SciPy and numpy are built on top of a substrate of old and stable 
packages written in Fortran and C (BLAS, LAPACK, fftw, etc.).

Python, MATLAB, and Julia are basically targeted at scientists 
and engineers writing "application code". These languages aren't 
appropriate for "low-level" scientific computing along the lines 
of the libraries mentioned above. Julia does make a claim to the 
contrary: it is feasible to write fast low-level kernels in it, 
but (last time I checked) it is not so straightforward to export 
them to other languages, since Julia likes to do things at 

Fortran and C remain good choices for low-level kernel 
development because they are easily consumed by Python et al. And 
as far as parallelism goes, OpenMP is the most common since it is 
straightforward conceptually. C++ is also fairly popular but 
since consuming something like a highly templatized header-only 
C++ library using e.g. Python's FFI is a pain, it is a less 
natural choice. (It's easier using pybind11, but the compile 
times will make you weep.)

Fortran, C, and C++ are also all standardized. This is valuable. 
The people developing these libraries are---more often than 
not---academics, who aren't able to devote much of their time to 
software development. Having some confidence that their 
programming language isn't going to change underneath gives them 
some assurance that they aren't going to be forced to spend an 
inordinate amount of time keeping their code in compliance for it 
to remain usable. Either that, or they write a library in Python 
and abandon it later.

As an aside, people lament the use of MATLAB, but one of its 
stated goals is backwards compatibility. Consequently, there's 
rather a lot of old MATLAB code floating around still in use.
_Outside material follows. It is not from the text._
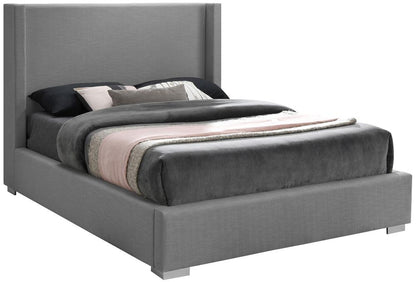Meridian Furniture - Royce Grey Linen Textured Fabric Full Bed - RoyceGrey-F veiw 2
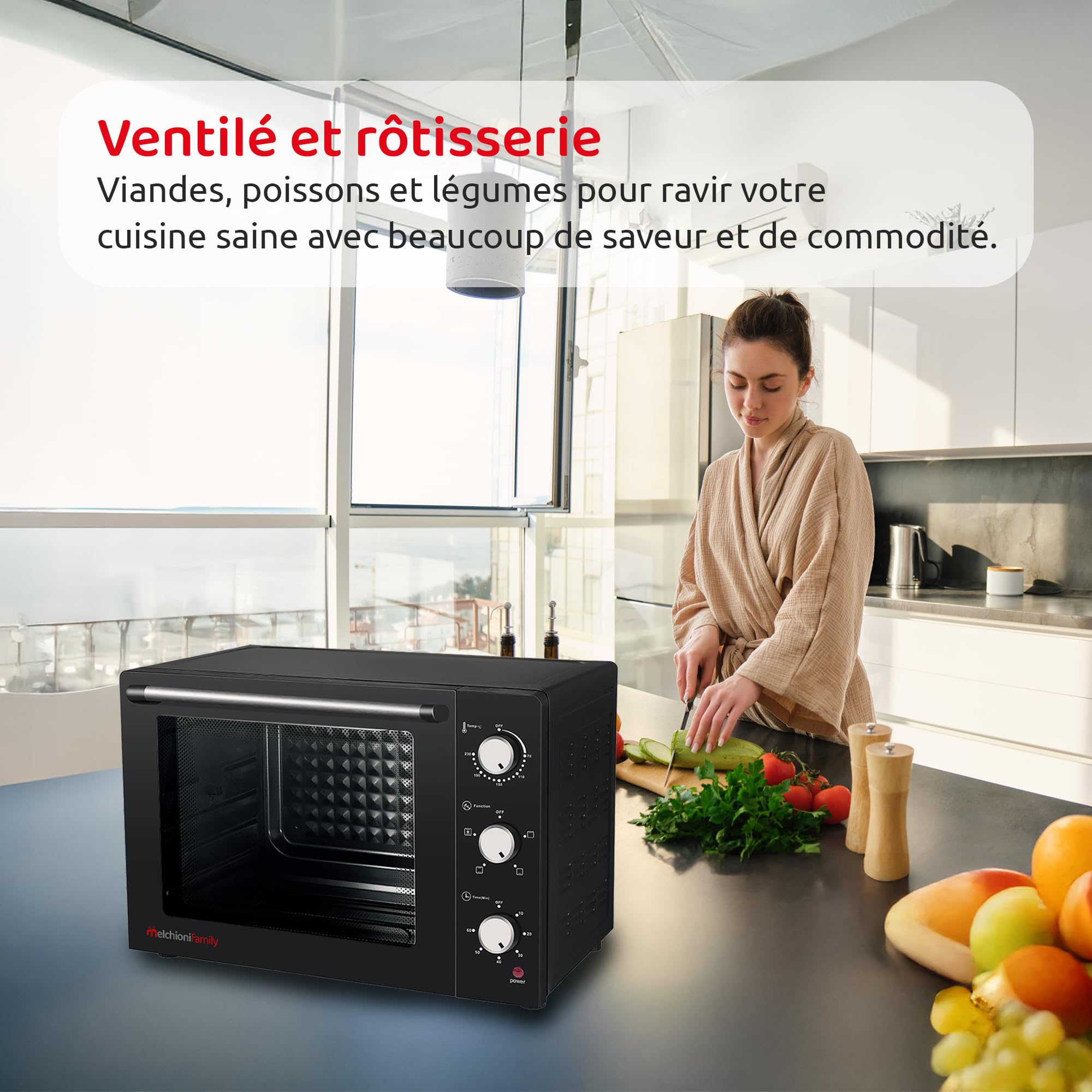Melchioni Family | Four électrique Ventilé ENJOY, Four électrique avec Rôtisserie, Capacité 63 Litres, Température 230°, Puissance du Four à Pizza 2200 W, Mini Four Professionnel, 58 x 44 x 40.7 cm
"High-level" D is currently not that interesting for high-level 
scientific application code. There is a long list of "everyday" 
scientific computing tasks I could think of which I'd like to be 
able to execute in a small number of lines, but this is currently 
impossible using any flavor of D. See for some ideas.

"BetterC" D could be useful for developing numerical kernels. An 
interesting idea would to use D's introspection capabilities to 
automatically generate wrappers and documentation for each 
commonly used scientific programming language (Python, MATLAB, 
Julia). But D not being standardized makes it less attractive 
than C or Fortran. It is also unclear how stable D is as an open 
source project. The community surrounding it is rather small and 
doesn't seem to have much momentum. There also do not appear to 
be any scientific computing success stories with D.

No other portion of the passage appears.